#### [THE PROBLEM]
Give the data again exactly as written, skipping any pictures.
┌─ DATA FOR THIS TASK
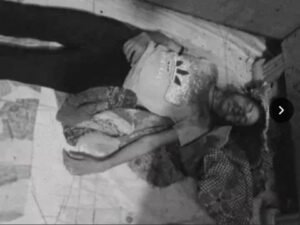 एटा4जुलाई25*एटा- खून से लथपथ अवस्था में मिला युवती का शव- निर्मम हत्या की जताई जा रहीं आशंका,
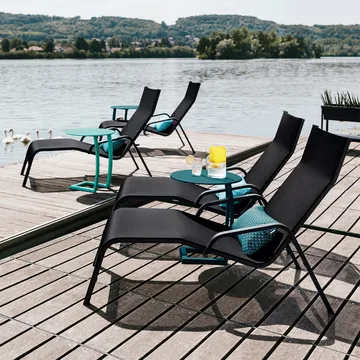 Alize Offset bord, lavt - Black cherry (vinrød) - Fermob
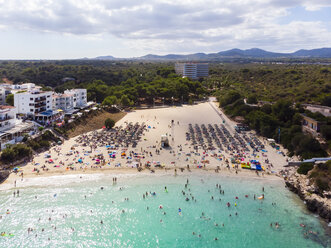 Spanien, Mallorca, Portocolom, Luftaufnahme von Punta des Jonc, Bucht von Cala Marcal, Strand mit Touristen - AMF05918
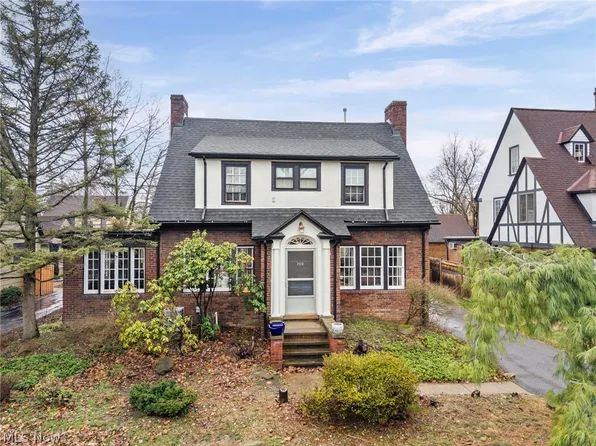 3172 Warrington Rd, Shaker Heights, OH 44120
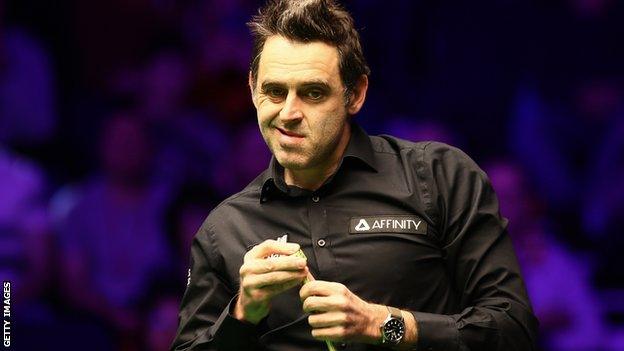 Ronnie O'Sullivan had issues with his cue tip in Milton Keynes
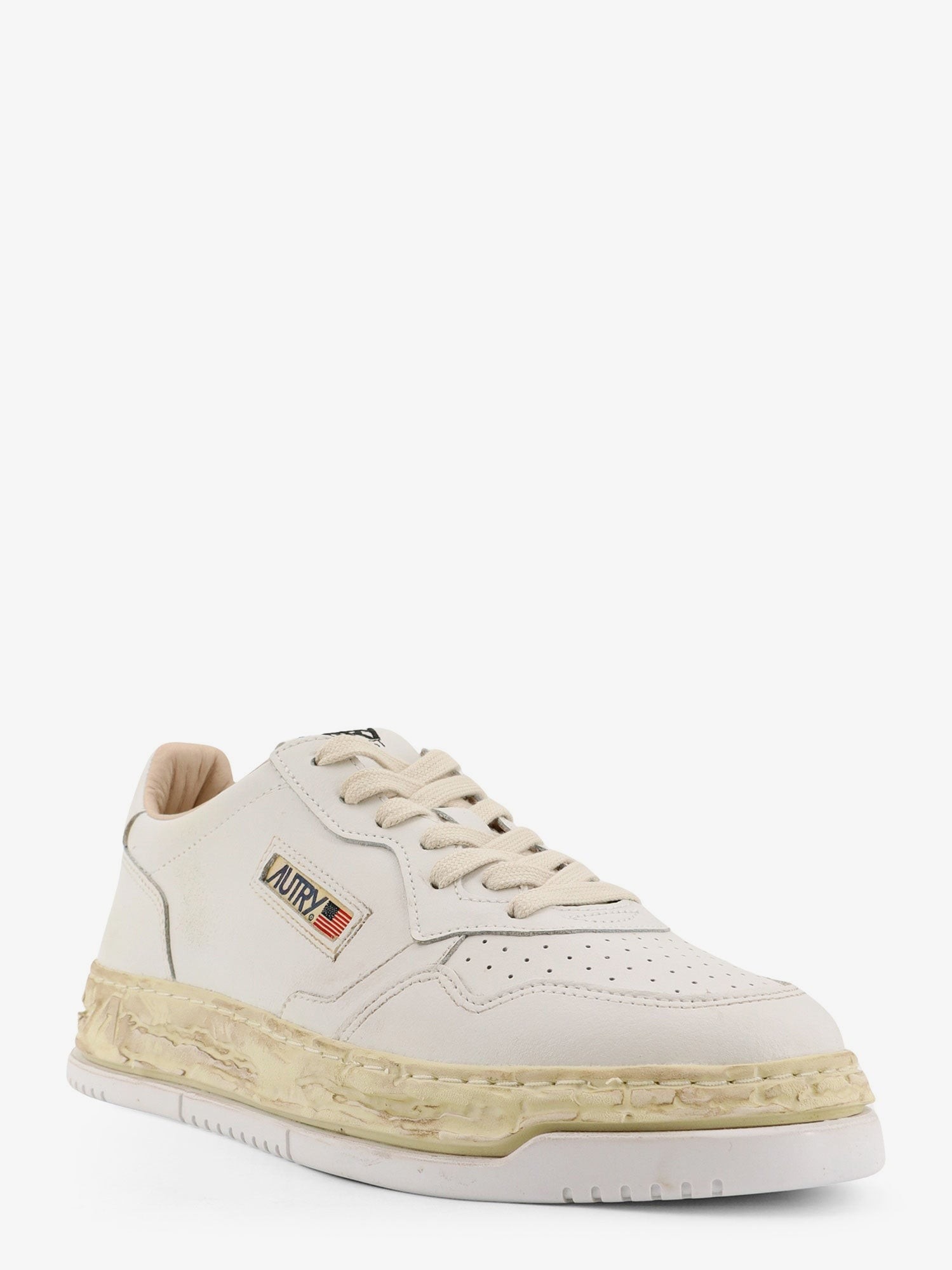 nanito_source_url:https://nokinstyle.com/2407799/super-vintage-low-leather-sneakers.jpg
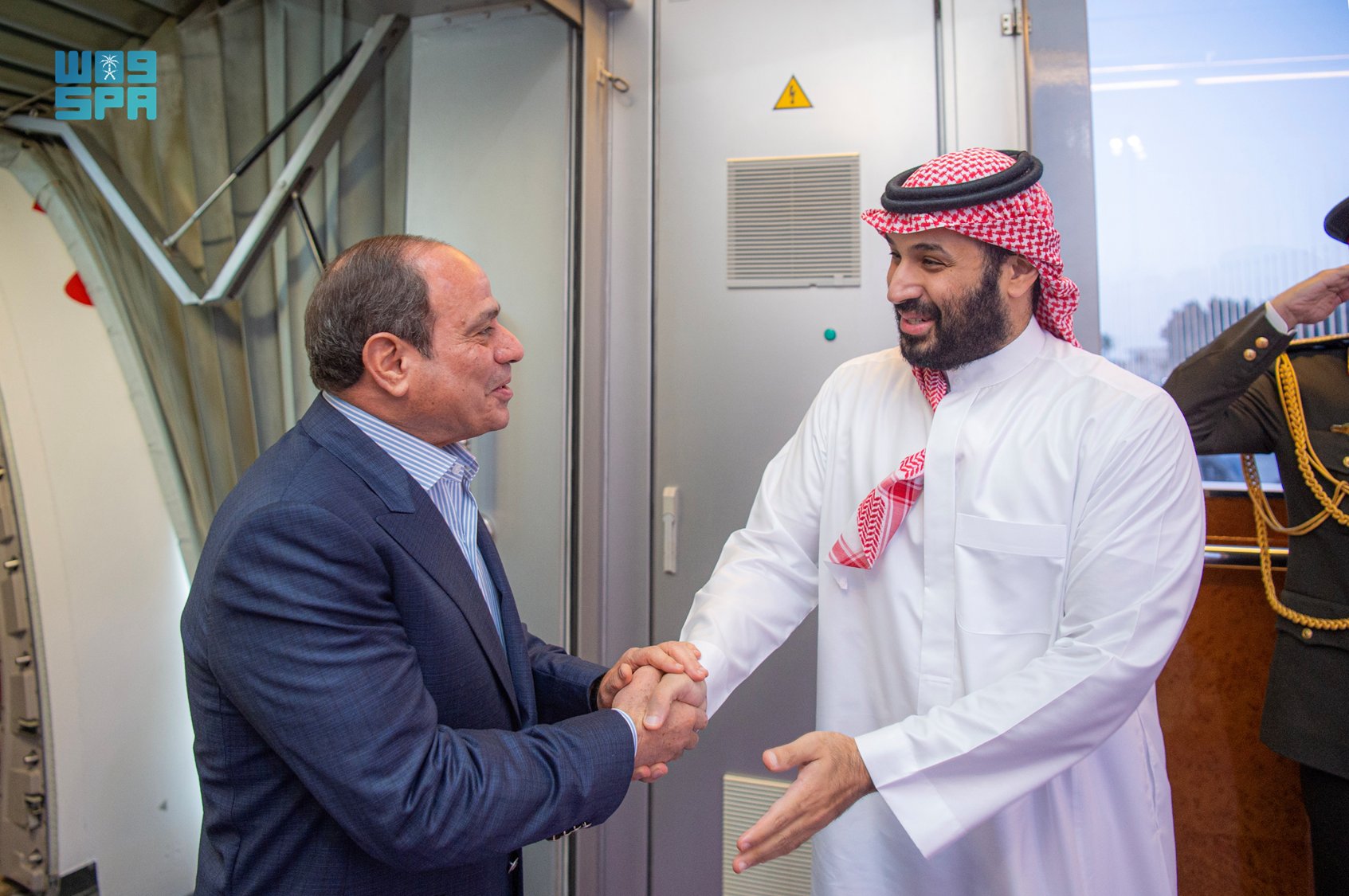 الرئيس المصري يصل جدة في استقبالٍ مميز بقيادة ولي العهد السعودي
└─
#### [ANSWER BOX]
 एटा4जुलाई25*एटा- खून से लथपथ अवस्था में मिला युवती का शव- निर्मम हत्या की जताई जा रहीं आशंका,
 Alize Offset bord, lavt - Black cherry (vinrød) - Fermob
 Spanien, Mallorca, Portocolom, Luftaufnahme von Punta des Jonc, Bucht von Cala Marcal, Strand mit Touristen - AMF05918
 3172 Warrington Rd, Shaker Heights, OH 44120
 Ronnie O'Sullivan had issues with his cue tip in Milton Keynes
 nanito_source_url:https://nokinstyle.com/2407799/super-vintage-low-leather-sneakers.jpg
 الرئيس المصري يصل جدة في استقبالٍ مميز بقيادة ولي العهد السعودي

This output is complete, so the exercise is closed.